A pessimist might feel that Orpik has come back to collect his belongings and take them to his offseason residence in Massachusetts.
But a meteorologist probably wouldn't have much trouble guessing his real motivation.
"Truthfully?" Orpik said. "I don't have snow tires on my car yet. I left them down here. I don't want to get stuck in Boston. I pushed [leaving them back] as long as I could.
"That was the primary reason. Then, I'm still paying rent here, so I might as well get something out of it.
"It had nothing to do with [any possibility of the lockout ending]. It snowed a couple of times in Boston, so we figured [we had been delaying] it as long as we could."
Orpik was one of a dozen Penguins to take part in a players-organized workout Monday at Southpointe, just hours before the NHL announced that games through Dec. 30 have been canceled.
So far, 526 games, which is 42.8 percent of the regular season, have been lost to the dispute, which has shut down the league since mid-September.
The cancellation announcement is primarily for the benefit of people who book events into arenas where NHL teams are based, because if and when the 2012-13 season starts, the schedule will have to be redone and almost certainly will be limited to intra-conference games.
Precisely how close the sides were to an agreement when talks abruptly broke off Thursday remains, like so much else in this lockout, a point of contention.
NHL Players' Association head Donald Fehr told a news conference that day that a deal was near; his upbeat assessment still was being digested when NHL commissioner Gary Bettman told the same group of reporters that he had no idea how Fehr had reached such a conclusion.
And that, oh yeah, the NHL proposal that presumably was the basis for Fehr's evaluation no longer was available to the players.
Those conflicting takes on where the talks stood sparked wild swings in expectations among many who aren't directly involved in the talks -- some went from discussing when the season might start to being convinced it never will in less than an hour -- but Orpik said he didn't get emotionally invested in the day's developments.
"That's happened like three or four times now, it seems," he said.
It is widely expected that negotiations will resume this week, although no meetings have been scheduled.
And while it is impossible to know for certain which issues will be the most difficult to resolve, the top candidates seem to be contract lengths and structure, the duration of the CBA and transition-related matters such as whether escrow payments should be capped or buyouts that don't count against the salary-cap ceiling should be allowed.

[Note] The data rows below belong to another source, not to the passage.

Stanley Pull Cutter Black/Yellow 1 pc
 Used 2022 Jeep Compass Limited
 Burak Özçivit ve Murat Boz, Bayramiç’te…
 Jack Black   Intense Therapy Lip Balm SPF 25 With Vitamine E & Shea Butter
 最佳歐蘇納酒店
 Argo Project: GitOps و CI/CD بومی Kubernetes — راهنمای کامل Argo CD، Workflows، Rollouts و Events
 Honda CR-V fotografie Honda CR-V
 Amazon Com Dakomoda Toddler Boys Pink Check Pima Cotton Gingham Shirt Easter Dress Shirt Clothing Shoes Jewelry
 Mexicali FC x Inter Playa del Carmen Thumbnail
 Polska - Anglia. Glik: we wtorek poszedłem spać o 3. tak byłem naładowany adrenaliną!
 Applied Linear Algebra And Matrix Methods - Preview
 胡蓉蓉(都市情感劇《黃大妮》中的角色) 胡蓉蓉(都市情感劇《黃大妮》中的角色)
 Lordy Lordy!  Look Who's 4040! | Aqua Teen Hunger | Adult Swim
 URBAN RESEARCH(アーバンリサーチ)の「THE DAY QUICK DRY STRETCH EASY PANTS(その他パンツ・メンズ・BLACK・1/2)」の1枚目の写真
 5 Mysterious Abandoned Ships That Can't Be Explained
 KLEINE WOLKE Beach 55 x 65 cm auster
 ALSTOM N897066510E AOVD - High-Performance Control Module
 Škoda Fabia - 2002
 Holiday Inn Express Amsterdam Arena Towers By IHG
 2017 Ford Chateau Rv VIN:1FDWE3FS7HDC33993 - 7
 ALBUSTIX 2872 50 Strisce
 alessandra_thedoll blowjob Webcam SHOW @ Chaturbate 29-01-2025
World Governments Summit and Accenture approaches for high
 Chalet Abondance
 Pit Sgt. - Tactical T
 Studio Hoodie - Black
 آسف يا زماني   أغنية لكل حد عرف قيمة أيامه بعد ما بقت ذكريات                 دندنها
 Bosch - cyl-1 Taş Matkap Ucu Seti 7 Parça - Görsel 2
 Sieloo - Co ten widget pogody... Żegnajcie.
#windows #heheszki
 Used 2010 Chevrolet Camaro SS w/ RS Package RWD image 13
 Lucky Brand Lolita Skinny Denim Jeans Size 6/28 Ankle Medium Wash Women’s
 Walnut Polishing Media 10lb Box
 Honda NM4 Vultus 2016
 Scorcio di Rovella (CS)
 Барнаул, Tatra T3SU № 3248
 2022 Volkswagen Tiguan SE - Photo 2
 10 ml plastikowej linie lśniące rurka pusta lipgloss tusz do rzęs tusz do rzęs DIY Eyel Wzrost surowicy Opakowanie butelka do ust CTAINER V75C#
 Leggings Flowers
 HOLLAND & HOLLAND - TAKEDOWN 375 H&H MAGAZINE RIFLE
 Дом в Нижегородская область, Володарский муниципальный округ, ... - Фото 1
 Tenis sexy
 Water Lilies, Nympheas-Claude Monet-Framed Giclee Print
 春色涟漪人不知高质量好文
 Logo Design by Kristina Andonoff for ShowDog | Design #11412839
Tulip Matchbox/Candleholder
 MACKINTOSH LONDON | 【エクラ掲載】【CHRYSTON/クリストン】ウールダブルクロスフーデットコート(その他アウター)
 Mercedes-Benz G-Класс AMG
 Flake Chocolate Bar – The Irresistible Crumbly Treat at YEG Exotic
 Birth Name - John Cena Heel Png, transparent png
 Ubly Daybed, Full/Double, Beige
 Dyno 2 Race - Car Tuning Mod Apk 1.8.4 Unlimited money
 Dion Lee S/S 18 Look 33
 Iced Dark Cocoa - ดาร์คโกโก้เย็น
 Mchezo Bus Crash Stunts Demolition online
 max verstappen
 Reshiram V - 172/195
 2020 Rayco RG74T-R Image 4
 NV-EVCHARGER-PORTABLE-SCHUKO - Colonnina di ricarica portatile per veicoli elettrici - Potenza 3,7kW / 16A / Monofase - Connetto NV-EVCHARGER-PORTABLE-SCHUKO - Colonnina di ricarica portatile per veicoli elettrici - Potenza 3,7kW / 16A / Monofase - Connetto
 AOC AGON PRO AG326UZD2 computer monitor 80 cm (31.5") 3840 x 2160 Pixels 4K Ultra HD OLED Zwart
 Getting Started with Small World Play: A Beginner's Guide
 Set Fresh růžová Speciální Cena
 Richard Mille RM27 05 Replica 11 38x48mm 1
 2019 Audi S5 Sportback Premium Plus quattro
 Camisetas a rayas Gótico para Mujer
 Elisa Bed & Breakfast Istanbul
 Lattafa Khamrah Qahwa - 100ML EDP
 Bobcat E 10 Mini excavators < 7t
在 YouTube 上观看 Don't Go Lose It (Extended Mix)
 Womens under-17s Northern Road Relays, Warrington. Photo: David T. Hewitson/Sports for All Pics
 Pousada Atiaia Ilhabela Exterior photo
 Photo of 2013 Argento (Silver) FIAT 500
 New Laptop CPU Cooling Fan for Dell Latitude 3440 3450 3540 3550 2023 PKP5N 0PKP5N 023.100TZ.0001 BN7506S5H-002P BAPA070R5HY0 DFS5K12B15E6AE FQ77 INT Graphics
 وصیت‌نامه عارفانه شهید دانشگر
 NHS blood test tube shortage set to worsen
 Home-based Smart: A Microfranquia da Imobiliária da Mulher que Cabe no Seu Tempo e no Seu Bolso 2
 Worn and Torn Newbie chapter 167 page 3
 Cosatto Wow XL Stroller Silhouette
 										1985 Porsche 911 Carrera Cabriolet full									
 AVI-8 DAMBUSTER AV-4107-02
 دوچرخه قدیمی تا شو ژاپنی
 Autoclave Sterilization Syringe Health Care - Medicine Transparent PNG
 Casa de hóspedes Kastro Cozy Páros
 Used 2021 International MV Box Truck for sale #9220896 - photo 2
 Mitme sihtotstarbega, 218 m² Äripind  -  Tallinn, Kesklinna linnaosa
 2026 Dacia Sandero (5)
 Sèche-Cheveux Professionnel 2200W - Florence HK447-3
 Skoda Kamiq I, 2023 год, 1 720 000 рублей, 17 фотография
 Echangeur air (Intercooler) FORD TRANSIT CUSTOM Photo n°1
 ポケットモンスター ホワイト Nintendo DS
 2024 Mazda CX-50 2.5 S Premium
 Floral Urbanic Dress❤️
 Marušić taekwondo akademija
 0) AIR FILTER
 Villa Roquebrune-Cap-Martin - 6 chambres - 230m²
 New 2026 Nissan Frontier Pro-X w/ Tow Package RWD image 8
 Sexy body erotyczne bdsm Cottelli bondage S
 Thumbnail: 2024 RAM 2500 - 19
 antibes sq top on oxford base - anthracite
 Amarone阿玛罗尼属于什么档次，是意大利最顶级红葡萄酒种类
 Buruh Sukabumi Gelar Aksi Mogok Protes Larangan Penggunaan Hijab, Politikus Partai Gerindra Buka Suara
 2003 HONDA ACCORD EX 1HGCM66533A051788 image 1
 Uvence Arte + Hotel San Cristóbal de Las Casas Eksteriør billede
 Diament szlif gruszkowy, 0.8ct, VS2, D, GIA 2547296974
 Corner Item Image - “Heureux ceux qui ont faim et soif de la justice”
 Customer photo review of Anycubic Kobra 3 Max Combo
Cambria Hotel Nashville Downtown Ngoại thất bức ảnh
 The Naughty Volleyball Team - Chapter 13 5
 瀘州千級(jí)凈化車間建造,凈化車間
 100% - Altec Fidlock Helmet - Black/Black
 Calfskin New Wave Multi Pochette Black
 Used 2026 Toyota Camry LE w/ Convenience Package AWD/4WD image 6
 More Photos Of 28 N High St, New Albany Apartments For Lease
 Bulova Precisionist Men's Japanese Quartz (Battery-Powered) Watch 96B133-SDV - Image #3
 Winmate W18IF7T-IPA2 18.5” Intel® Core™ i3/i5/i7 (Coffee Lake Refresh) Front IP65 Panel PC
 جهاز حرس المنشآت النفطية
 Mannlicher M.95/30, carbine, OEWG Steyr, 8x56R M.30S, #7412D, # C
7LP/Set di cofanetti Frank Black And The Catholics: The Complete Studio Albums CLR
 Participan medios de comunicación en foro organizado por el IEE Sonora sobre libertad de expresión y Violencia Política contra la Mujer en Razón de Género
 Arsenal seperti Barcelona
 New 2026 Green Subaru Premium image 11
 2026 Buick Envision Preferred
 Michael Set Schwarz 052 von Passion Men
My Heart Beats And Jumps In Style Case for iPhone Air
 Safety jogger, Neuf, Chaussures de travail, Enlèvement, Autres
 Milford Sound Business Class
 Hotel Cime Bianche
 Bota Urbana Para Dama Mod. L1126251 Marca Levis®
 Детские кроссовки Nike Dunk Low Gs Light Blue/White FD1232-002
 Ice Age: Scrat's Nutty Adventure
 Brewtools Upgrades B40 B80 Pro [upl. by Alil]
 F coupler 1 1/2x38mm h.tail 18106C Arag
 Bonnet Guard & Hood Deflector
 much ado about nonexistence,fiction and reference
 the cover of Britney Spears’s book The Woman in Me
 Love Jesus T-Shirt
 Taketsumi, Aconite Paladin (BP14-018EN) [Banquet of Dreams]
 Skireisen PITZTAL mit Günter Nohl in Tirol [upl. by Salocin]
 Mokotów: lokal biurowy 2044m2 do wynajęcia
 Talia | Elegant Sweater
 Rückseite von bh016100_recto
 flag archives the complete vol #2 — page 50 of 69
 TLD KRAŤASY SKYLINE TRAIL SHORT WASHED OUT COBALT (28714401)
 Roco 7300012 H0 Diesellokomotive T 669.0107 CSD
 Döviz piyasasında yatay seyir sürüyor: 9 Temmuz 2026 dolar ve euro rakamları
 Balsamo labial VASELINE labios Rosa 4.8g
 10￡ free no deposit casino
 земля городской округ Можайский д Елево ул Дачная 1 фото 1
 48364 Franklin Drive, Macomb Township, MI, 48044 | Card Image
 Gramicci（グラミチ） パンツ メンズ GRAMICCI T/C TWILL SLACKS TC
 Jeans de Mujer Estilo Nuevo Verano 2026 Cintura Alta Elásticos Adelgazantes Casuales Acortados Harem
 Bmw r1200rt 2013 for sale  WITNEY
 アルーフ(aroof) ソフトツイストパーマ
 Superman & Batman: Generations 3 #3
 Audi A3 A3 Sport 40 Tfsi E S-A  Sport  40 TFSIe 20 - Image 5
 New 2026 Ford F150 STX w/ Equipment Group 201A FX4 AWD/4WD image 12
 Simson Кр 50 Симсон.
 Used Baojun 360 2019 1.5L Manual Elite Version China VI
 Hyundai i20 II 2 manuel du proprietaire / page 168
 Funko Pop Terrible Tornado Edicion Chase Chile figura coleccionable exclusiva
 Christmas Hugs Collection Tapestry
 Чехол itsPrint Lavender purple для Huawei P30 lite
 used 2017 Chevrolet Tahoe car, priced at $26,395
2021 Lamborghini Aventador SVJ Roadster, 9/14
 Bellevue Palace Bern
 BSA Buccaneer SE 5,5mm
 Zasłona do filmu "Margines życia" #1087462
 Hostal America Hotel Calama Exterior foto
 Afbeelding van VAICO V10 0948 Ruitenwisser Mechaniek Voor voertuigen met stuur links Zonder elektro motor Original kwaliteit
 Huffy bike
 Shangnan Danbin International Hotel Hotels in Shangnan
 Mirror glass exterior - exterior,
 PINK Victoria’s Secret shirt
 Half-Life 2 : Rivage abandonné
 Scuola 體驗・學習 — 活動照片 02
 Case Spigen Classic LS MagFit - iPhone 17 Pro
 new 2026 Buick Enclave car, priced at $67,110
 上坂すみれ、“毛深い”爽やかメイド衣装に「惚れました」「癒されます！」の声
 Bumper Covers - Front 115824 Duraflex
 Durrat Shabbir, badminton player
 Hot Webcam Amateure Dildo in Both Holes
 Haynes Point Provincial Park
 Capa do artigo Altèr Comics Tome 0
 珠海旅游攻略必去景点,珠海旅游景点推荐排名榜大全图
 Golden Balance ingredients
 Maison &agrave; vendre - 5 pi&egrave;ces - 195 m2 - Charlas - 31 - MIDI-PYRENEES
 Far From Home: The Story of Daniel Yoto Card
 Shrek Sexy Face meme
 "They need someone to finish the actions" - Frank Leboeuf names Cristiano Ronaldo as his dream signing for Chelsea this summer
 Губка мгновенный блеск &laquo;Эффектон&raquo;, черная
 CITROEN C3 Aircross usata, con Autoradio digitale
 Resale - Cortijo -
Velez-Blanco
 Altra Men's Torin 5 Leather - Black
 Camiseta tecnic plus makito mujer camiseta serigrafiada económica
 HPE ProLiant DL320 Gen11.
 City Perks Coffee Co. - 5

NHL deputy commissioner Bill Daly characterized term limits on player contracts as "the hill we will die on."
That made for a terrific sound bite, to be sure, but Orpik suggested that the maximum length of contracts isn't the first issue the league has portrayed as make-or-break since the talks started.
"I think it's been tough to identify what exactly their hill is," he said. "It's kind of changed throughout the whole process. That's been one of the tougher things to try to figure out with the whole situation. Some guys refer to it as a 'moving target.'
"At one point, it seems like just [the division/sharing of] money was the issue, and they were willing to forgo all of the contracting rights. Then, the switch flipped and now it's all the contracting stuff that's holding up [an agreement]."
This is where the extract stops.